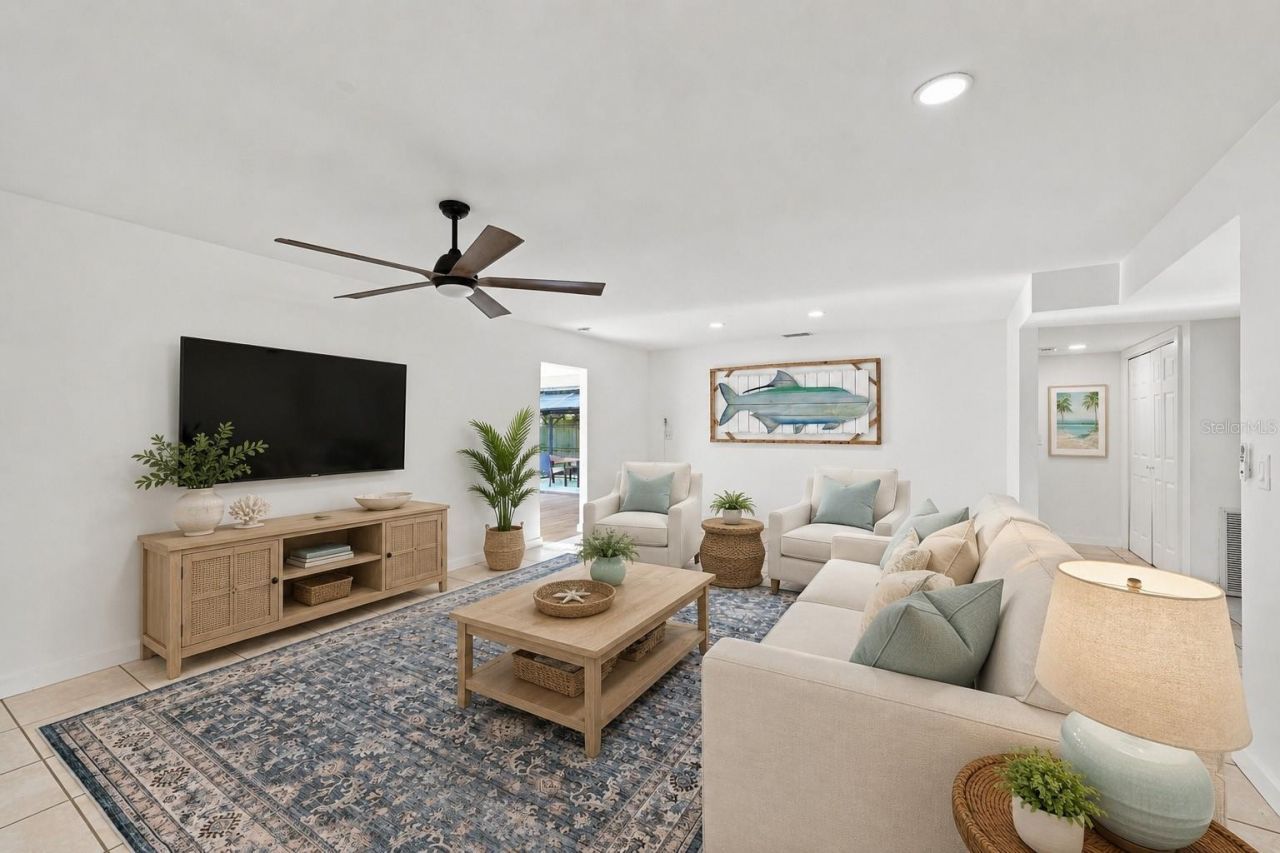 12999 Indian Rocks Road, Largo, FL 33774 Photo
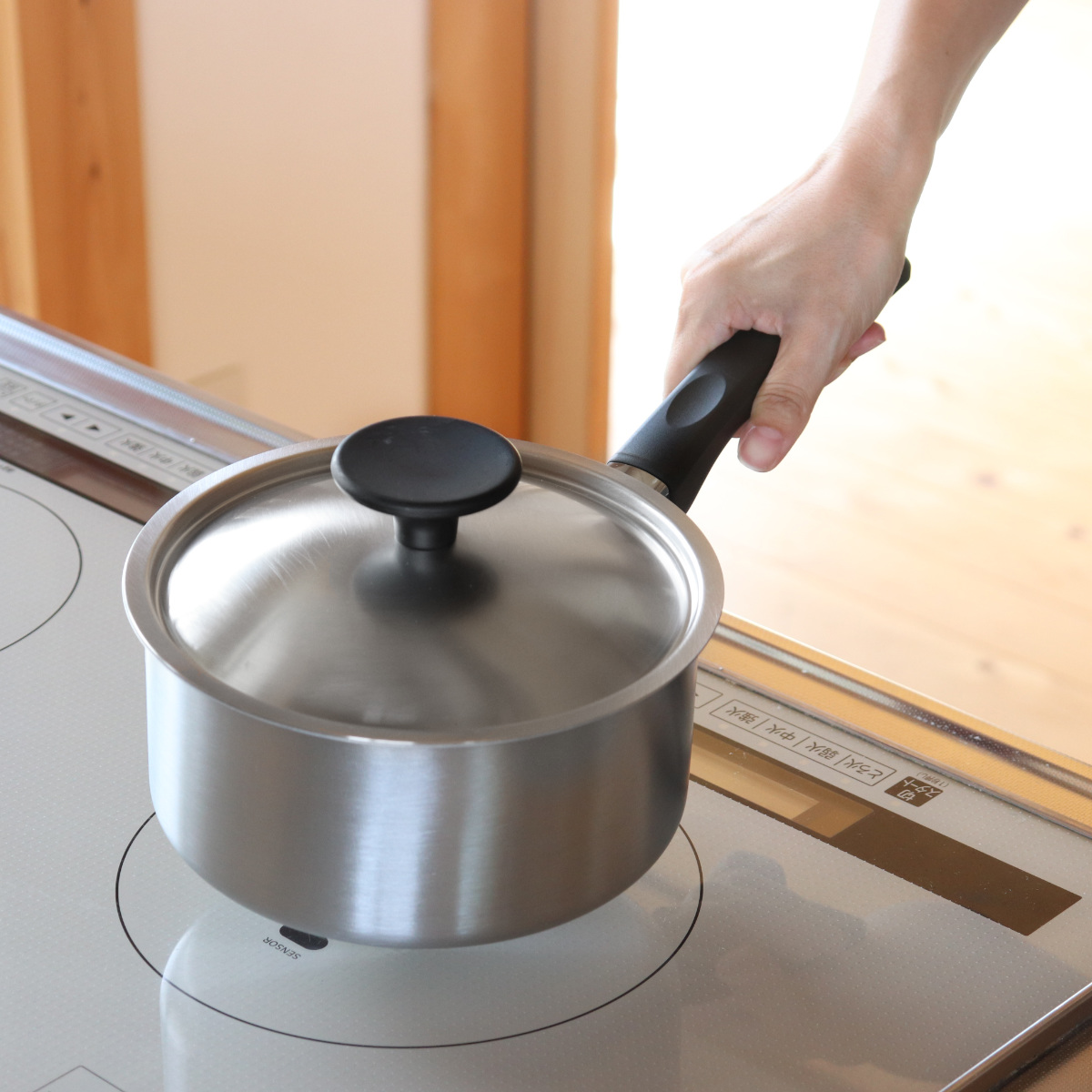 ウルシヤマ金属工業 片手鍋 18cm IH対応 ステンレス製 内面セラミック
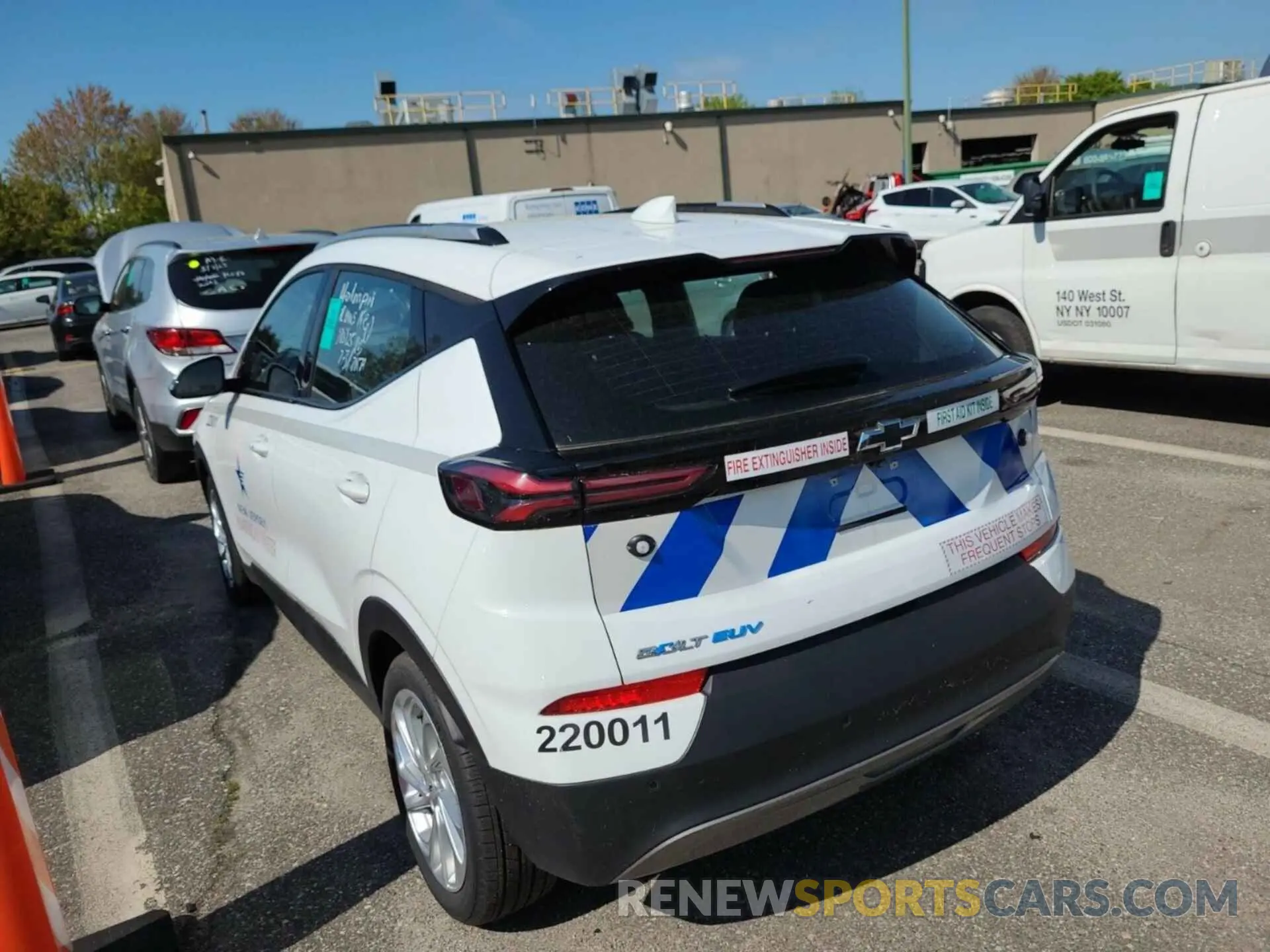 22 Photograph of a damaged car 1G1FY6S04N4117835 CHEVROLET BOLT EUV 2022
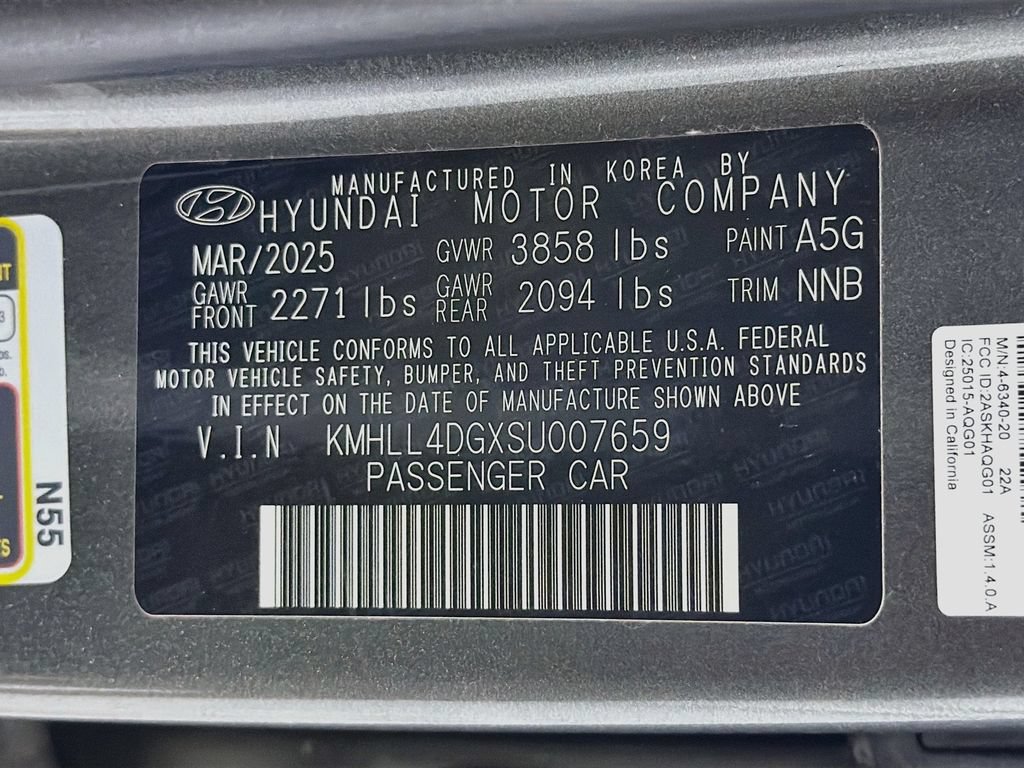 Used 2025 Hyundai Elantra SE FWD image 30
|---|
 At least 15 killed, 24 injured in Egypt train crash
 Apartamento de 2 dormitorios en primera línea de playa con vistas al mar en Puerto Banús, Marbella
|---|
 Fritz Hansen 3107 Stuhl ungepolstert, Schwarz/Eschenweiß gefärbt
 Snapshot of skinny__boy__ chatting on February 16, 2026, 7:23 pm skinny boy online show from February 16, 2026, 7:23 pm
|---|
## Problem statement
Leave out every picture, and copy exactly the lines above starting at the one holding "12999 Indian Rocks" and ending at the one holding "Used 2025 Hyundai Elantra SE FWD image 30", no more and no less.

## Output for this task
 12999 Indian Rocks Road, Largo, FL 33774 Photo
 ウルシヤマ金属工業 片手鍋 18cm IH対応 ステンレス製 内面セラミック
 22 Photograph of a damaged car 1G1FY6S04N4117835 CHEVROLET BOLT EUV 2022
 Used 2025 Hyundai Elantra SE FWD image 30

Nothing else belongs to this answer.